_Information given:_
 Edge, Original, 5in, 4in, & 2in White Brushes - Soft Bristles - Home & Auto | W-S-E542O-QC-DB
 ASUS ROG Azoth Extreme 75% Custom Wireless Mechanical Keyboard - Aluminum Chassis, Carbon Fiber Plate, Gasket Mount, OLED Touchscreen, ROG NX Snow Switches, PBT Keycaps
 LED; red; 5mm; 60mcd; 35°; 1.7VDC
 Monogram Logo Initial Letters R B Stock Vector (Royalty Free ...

---

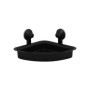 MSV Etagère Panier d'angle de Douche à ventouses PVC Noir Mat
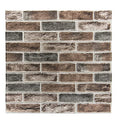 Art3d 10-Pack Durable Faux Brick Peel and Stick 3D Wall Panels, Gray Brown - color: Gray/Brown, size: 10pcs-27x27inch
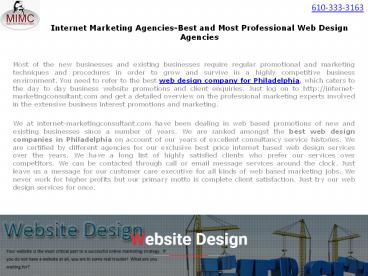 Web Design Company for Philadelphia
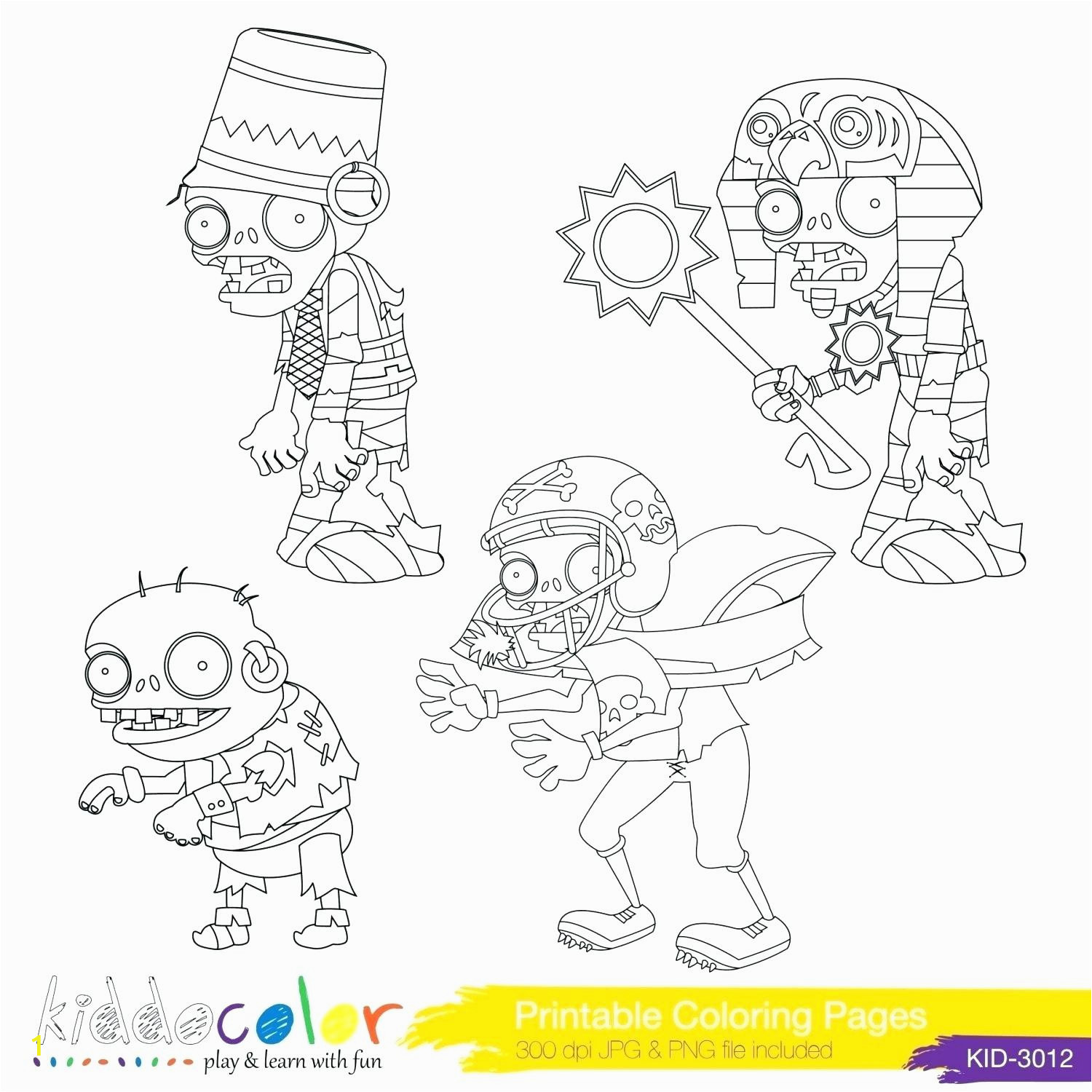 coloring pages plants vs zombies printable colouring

_Exercise instructions:_
In the listing above, find the line containing "ASUS ROG Azoth" and the line containing "Monogram Logo Initial". Output them and every line between, exactly, and nothing else.

_Response box:_
 ASUS ROG Azoth Extreme 75% Custom Wireless Mechanical Keyboard - Aluminum Chassis, Carbon Fiber Plate, Gasket Mount, OLED Touchscreen, ROG NX Snow Switches, PBT Keycaps
 LED; red; 5mm; 60mcd; 35°; 1.7VDC
 Monogram Logo Initial Letters R B Stock Vector (Royalty Free ...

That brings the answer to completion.